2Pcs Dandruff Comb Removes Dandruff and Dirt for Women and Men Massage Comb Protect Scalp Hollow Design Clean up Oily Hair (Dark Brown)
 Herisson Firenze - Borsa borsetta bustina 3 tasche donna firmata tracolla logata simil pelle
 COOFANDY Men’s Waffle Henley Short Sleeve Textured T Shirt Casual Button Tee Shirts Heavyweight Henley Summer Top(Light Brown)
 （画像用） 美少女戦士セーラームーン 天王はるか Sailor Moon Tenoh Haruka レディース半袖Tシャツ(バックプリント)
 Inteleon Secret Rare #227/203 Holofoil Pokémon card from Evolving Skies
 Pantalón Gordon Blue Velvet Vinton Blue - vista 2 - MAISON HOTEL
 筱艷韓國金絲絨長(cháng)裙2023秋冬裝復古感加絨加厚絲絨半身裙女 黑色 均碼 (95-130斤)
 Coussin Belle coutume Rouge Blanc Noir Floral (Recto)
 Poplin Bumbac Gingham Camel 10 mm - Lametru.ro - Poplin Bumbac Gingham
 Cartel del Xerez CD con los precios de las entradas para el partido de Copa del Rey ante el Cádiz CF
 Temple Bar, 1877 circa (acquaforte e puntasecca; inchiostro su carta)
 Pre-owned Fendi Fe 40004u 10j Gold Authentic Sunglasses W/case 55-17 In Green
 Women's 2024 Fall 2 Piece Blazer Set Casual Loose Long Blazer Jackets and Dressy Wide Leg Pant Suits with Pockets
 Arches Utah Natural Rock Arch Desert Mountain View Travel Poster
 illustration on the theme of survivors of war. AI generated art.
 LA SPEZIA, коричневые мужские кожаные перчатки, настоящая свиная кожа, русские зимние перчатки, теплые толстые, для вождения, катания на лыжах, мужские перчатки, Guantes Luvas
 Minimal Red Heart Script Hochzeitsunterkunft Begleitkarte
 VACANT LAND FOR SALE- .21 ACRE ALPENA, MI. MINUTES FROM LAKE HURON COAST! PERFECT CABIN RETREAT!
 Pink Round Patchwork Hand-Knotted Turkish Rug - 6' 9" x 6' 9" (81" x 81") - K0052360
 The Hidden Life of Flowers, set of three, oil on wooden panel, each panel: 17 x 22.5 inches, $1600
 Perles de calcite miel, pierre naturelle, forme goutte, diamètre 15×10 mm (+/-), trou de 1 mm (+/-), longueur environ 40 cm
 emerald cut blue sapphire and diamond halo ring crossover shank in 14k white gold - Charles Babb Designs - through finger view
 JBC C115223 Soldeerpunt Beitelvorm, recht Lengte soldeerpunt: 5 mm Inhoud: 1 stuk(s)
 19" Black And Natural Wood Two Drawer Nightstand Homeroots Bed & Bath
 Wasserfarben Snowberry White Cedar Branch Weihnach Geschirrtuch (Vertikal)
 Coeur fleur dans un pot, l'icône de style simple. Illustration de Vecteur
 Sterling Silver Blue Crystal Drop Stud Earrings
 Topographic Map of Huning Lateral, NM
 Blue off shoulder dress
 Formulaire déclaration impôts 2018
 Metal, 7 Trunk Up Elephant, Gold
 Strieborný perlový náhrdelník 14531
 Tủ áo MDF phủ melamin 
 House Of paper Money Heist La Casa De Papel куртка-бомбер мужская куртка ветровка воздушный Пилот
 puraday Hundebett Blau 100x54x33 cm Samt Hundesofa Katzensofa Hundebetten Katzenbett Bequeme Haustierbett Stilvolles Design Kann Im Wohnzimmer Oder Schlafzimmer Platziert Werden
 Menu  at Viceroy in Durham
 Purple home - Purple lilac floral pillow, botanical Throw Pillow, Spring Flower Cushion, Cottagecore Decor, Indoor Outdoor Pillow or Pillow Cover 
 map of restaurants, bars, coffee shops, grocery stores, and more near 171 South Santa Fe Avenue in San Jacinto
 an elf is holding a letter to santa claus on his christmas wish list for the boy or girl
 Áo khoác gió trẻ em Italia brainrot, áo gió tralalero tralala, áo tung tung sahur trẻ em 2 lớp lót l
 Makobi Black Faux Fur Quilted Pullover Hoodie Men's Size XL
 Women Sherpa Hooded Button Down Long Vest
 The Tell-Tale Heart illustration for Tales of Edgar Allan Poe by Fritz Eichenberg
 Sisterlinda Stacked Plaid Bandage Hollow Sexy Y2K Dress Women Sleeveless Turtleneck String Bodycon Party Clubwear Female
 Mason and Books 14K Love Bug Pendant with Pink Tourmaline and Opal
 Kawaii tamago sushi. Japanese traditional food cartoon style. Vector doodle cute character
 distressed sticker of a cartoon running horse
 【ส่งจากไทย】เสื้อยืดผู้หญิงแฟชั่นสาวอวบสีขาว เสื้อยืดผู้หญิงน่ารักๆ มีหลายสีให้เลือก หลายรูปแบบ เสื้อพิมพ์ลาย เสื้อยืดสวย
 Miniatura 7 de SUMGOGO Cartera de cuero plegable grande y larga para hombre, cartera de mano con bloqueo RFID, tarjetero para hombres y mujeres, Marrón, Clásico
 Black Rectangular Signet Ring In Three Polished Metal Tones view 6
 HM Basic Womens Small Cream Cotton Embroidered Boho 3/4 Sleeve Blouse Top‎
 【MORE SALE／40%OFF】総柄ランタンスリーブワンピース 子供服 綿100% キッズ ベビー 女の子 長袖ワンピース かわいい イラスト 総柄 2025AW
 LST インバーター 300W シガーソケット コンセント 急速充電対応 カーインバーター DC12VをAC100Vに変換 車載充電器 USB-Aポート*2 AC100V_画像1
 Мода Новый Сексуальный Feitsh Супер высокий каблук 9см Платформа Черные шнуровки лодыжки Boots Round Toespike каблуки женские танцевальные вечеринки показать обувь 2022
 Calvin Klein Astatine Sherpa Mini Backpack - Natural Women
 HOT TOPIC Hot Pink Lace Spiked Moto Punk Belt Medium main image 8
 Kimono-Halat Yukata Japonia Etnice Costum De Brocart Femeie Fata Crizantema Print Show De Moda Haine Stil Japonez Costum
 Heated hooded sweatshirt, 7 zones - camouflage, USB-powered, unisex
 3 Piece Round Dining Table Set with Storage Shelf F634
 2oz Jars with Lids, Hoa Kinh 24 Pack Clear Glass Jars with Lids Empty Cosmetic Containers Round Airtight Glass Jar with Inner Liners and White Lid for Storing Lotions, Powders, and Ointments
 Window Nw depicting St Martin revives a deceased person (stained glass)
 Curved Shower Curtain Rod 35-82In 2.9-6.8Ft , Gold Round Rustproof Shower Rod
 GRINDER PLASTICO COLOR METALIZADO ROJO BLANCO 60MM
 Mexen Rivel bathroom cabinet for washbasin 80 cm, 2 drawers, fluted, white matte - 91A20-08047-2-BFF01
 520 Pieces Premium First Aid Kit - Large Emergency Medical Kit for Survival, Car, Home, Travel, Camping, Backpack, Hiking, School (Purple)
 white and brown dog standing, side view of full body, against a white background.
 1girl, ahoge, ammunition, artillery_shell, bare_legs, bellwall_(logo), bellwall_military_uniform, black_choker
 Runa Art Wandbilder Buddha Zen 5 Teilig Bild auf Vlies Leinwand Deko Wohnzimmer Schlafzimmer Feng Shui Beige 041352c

☆ ☆ ☆ ☆

* EXERCISE GOAL:
The reply should hold only the lines of the listing above starting at the line containing "Formulaire déclaration impôts 2018" and ending at the line containing "distressed sticker of", exactly as written.

* COMPLETED TASK:
 Formulaire déclaration impôts 2018
 Metal, 7 Trunk Up Elephant, Gold
 Strieborný perlový náhrdelník 14531
 Tủ áo MDF phủ melamin 
 House Of paper Money Heist La Casa De Papel куртка-бомбер мужская куртка ветровка воздушный Пилот
 puraday Hundebett Blau 100x54x33 cm Samt Hundesofa Katzensofa Hundebetten Katzenbett Bequeme Haustierbett Stilvolles Design Kann Im Wohnzimmer Oder Schlafzimmer Platziert Werden
 Menu  at Viceroy in Durham
 Purple home - Purple lilac floral pillow, botanical Throw Pillow, Spring Flower Cushion, Cottagecore Decor, Indoor Outdoor Pillow or Pillow Cover 
 map of restaurants, bars, coffee shops, grocery stores, and more near 171 South Santa Fe Avenue in San Jacinto
 an elf is holding a letter to santa claus on his christmas wish list for the boy or girl
 Áo khoác gió trẻ em Italia brainrot, áo gió tralalero tralala, áo tung tung sahur trẻ em 2 lớp lót l
 Makobi Black Faux Fur Quilted Pullover Hoodie Men's Size XL
 Women Sherpa Hooded Button Down Long Vest
 The Tell-Tale Heart illustration for Tales of Edgar Allan Poe by Fritz Eichenberg
 Sisterlinda Stacked Plaid Bandage Hollow Sexy Y2K Dress Women Sleeveless Turtleneck String Bodycon Party Clubwear Female
 Mason and Books 14K Love Bug Pendant with Pink Tourmaline and Opal
 Kawaii tamago sushi. Japanese traditional food cartoon style. Vector doodle cute character
 distressed sticker of a cartoon running horse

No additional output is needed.